Sunday, December 21, 2008

Skins series 2 in review

If you're a fan of "Skins," you probably noticed the lack of posts after the second season premiere. What happened was, I got several episodes behind, and would always get a few sentences into a multi-ep review post before I got sidetracked. Eventually, I decided to just wait until the season was over, especially since so many of the commenters were people who had seen the whole thing ahead of me. So, after the jump, some general thoughts on the final storylines for Tony, Sid, Chris and company...

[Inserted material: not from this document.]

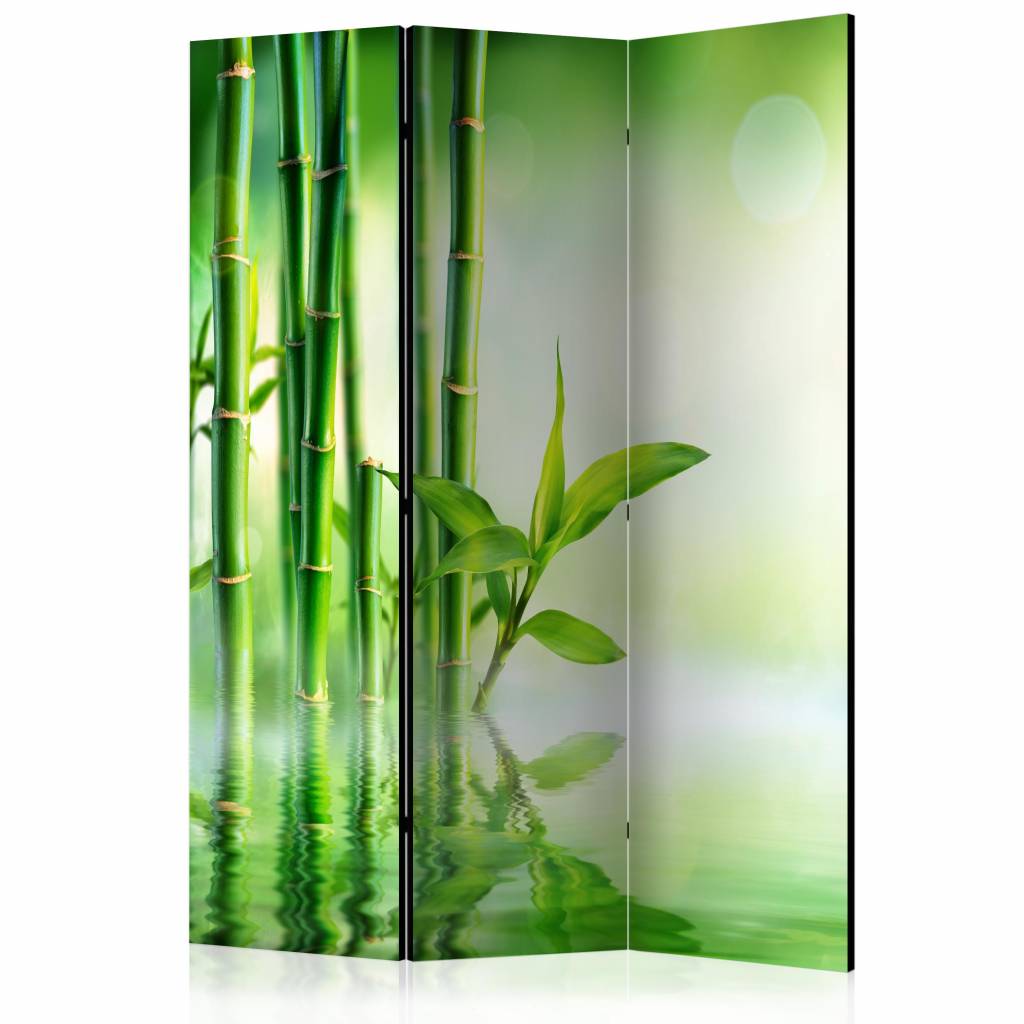 Vouwscherm / Kamerscherm - Groen Bamboe 135x172cm , gemonteerd geleverd, dubbelzijdig geprint afbeelding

I'd heard and read so many vague but ominous warnings about the direction of series 2 that my expectations were sufficiently lowered for me to enjoy most of it. But I can see where the complaints were coming from, as the show takes a turn into much more adult territory. That's not "adult" as in "adult content -- how much more adult could "Skins" get after the sexcapades of the first series? -- but as in the characters all started acting like adults. Parents either died, ran off, or proved themselves so oblivious that most of the kids had to grow up in a hurry and fend for themselves.

Between the abandonment issues, several tragedies (particularly the death of Chris) and the introduction of the very troubled Sketch (whose brief imprisonment of her ill mother saw the show veering into Stephen King territory), this was a much bleaker series than the first, with the carefree moments far less frequent and usually interrupted by another piece of bad news.

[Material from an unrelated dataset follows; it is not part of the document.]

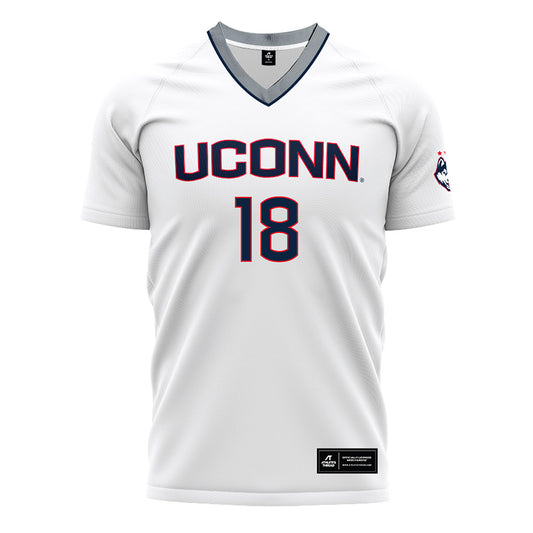UConn - NCAA Men's Soccer : Charlie Holmes - White Soccer Jersey-0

Now, there were times when all the misery felt like piling on -- the death of Sid's dad in particular triggered an "Oh, come on!" reaction -- but I thought it was all wonderfully played by the young ensemble. I thought Hannah Murray was especially great as this dark and bitter new incarnation of Cassie, and Joe Dempsie and Larissa Wilson made Chris and Jal's attempts to play house seem somehow fitting in this world.

But I'm glad that the producers chose to do two years and out with these characters, and to re-set with a new batch of kids a few years younger, using Tony's sister Effy as the bridge point. We all know how much trouble American teen dramas run into after the characters go off to college, and the change in tone and substance in "Skins" series 2 suggests that the writers were running out of material for this gang. Better to remember them as they were, for the most part, then to see them hang around past the point of being interesting.

What did everybody else think? And are you looking forward to the new Effy-centric incarnation of the show?